----- Data below
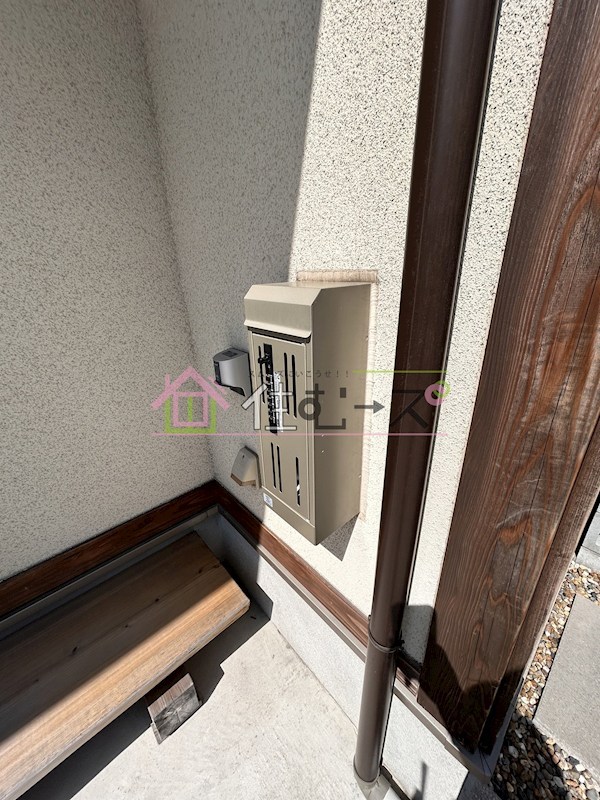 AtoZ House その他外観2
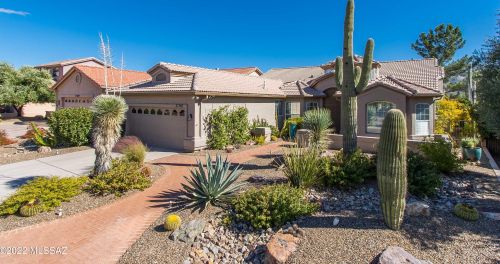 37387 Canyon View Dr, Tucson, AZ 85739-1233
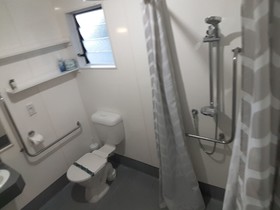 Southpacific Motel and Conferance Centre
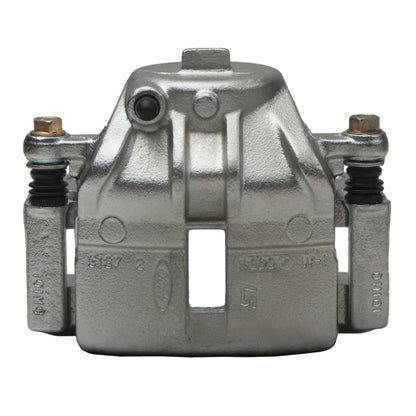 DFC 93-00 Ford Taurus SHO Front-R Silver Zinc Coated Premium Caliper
----------
* [Task to carry out]:
Please restate the material word for word; the pictures stay out.

* [Task output]:
 AtoZ House その他外観2
 37387 Canyon View Dr, Tucson, AZ 85739-1233
 Southpacific Motel and Conferance Centre
 DFC 93-00 Ford Taurus SHO Front-R Silver Zinc Coated Premium Caliper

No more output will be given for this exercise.